Masking entire tracks from indexing

Another way of reducing the size of the Solr index is masking certain tracks using the instruction IsSearchable=false in the INI file during loading the data or later, by running the command 'searchindex skip'.

Sync vs. rebuild

The command 'searchindex sync' finds the discrepancy between the objects in the database and the Solr index and makes the necessary synchronization by removing or adding the items. It is important to understand that the comparison is done on the level of track. This means that if some qualifiers are deleted or added after the track has been created, the 'sync' command will not detect the difference - the track itself will remain.
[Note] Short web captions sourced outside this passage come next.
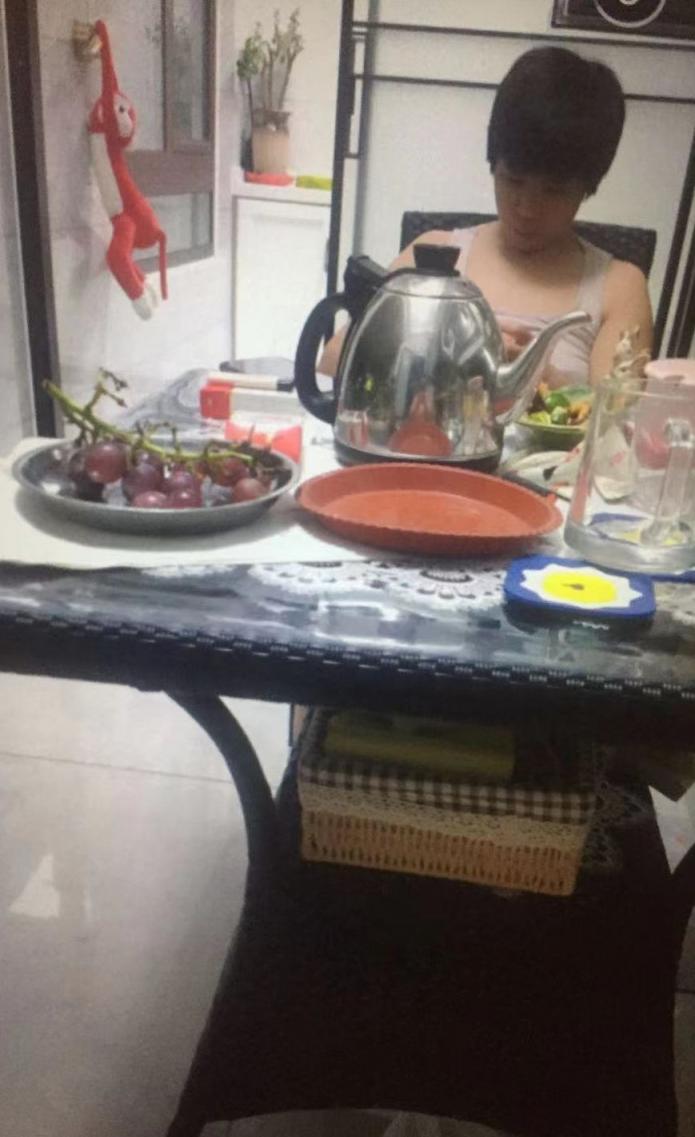 山东短小绿王八  把自家媳妇迷晕给别人玩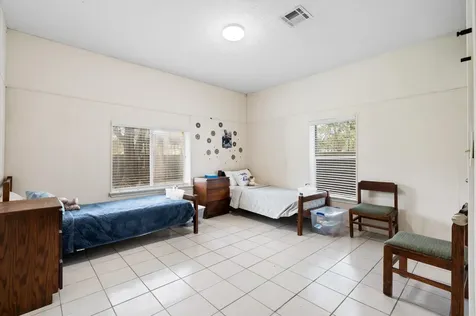 715 Elm Street Fresno TX 77545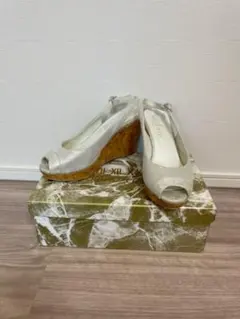 セブントゥエルブサーティ シルバー ウエッジ ソール サンダル 22.5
To update the index after manipulating the qualifiers (by adding/removing to the QualifierFilter rules or adding/removing the qualifiers themselves), we have to issue 'searchindex rebuild' command, which may take considerably longer. So, please give a good thought before engaging the QualifierFilter rules. Anyway, if you modify the rules and do not "rebuild" the corresponding index, the new rules will be applied only to the newly added items.

Sync vs. deepsync

The process of indexing can be done in parallel with the data loading procedure. This concurrency introduces a risk that the data being loaded are indexed partially - indexing a track can be finished before it is completely loaded. The Solr index will contain the record for the track, so a regular 'sync' command will not recognize that the index is incomplete. To overcome this limitation, we introduced a command 'deepsync' that, besides checking for the existence of a track', will also compare the count of the features and, in case of mismatch, will trigger rebuilding the index.